# Must Haves



## cbrunson (Oct 25, 2010)

No superstitions, but I do go through all my drawers and my tackle box to make sure I have anything and everything that might save the day if something breaks. That's for competitions. For practice I usually just take the bow and my quiver with basic tools and a few extra stab weights.


----------



## XForce Girl (Feb 14, 2008)

I'm compiling a list of things to take to Outdoor Nationals in a couple weeks.

IN my quiver along with my arrows I carry, arrow lube and arrow puller, release plus an extra, allen set, kickstand and a pen.

My tackle/tool box isn't ever very far from me, usually by my cooler. I carry anything I think I could need and items to possibly help someone else out that needs it.
Loop material, serving thread, glue, assorted screws and bolts, e clips, nocks of every shape and size that I've collected over the years from old broken arrows.
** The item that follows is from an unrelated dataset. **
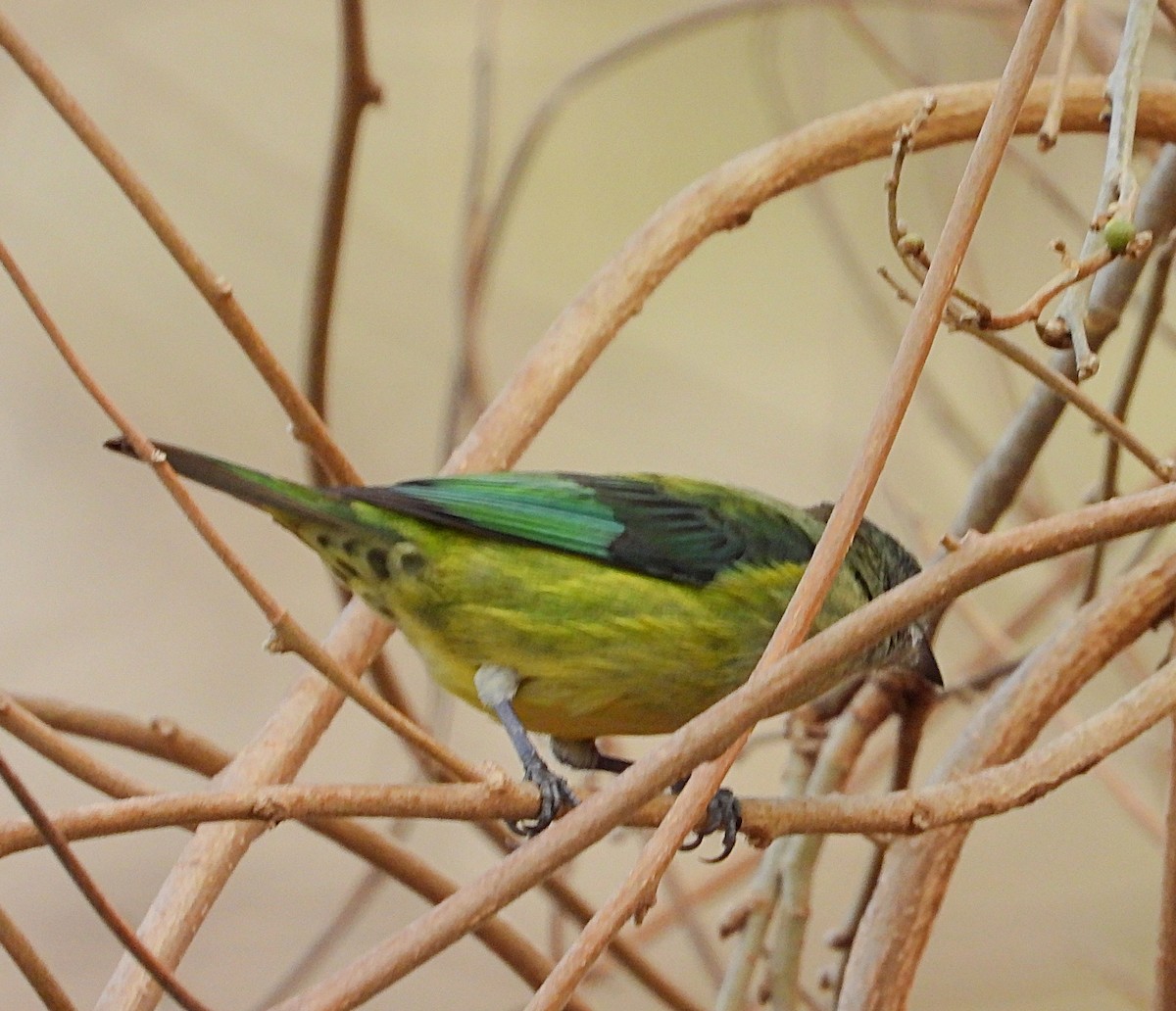Black-headed Tanager - ML617100987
Pliers, small screw drivers, sticky felt, extra blades for my rest. extra apertures for my peep.


----------



## Cbfastcar (May 19, 2015)

I carry alen wrenches arrow lube in my quiver and a few pens in my tool kit I carry a small screwdriver set with any shape and size duck tape nocks more fried points bow wax plyers a multi tool extra arrow lube arrow puller and this might be strange a fletching jig is in there too with quick bond adhesive and a lens cloth


----------



## montigre (Oct 13, 2008)

I have no shooting superstitions, but I do shoot much better with a good tall cup of coffee or tea before heading out. 

When I practice or compete (field), I carry the following in/on my quiver or person: Binos, release, Allen set, nock tool, spare nocks, spare pin bushings, spare d loop material, arrow lube, kick stand, string wax, sharpie(s), pencil(s), pen(s), arrow puller, extra finger sling, copper scrubbie, T-square, D-loop pliers, small knife, forceps, lighter, thermacell, range finder, cotton towel, bottle of water, spare stab weights, at least a doz arrows (usually 18), scope sun and rain shades, magnifying glasses, membership/handicap cards, band aids, hand sanitizer, extra strength Tylenol, and sting relief gel. 

If I'm shooting indoors or a FITA event, I leave most of this in my bow case/tackle box since it is readily available and carry only what I need to shoot or might need in a pinch on the line for a quick adjustment.


----------



## TNMAN (Oct 6, 2009)

Don't forget some good snacks.


----------



## erdman41 (May 6, 2009)

Puller, nocks, pins, allen set, arrow lube, peep inserts, blade, string wax sight chart, one release, finger sling, binocs, kickstand, lens cloth, one wipe Charlie, bow, arrows.


----------



## loveha (Mar 11, 2014)

Few extra arrows. Allen wrench set. Extra blade. Lens cleaner. Peep aperatures. That's about it.


----------



## Ned250 (Aug 10, 2009)

On top of the usual Allen wrenches and whatnot, I always have this with me. Especially during outdoor season. http://www.amazon.com/Nikon-7072-Le...qid=1434196493&sr=8-1&keywords=Nikon+lens+pen


----------



## Rick! (Aug 10, 2008)

Zero superstitions for me.

Aside from what everyone else mentioned;

For 3D: permethrin treated clothes and hat and bug spray.
For FITA, 900 round: 1/4" allen wrench, scope cover, wet wash cloth to clean bow grip and releases, spotting scope, very light rain jacket.
Indoors: small tackle box of repair/adjustment stuff, bow press (for practice and leagues).


----------



## redman (Feb 22, 2003)

extra blade for rest on side of riser


----------



## ILOVE3D (Feb 4, 2009)

No superstitions for me either, for 3d I use a badlands quiver that has multiple accessories in it. Extra nocks, extra d loop correct length, extra blade for rest, set of specialty archery clarifiers and regular peeps, allen wrench set, torque wrench set, spare release, granola bar and a bottle of water. I also carry a tupperware in my vehicle that has other miscellaneous items. Indoors or fita I carry pretty much the same although in a chair pocket for unforeseeable problems that sometimes seem to arise at the wrong time.


----------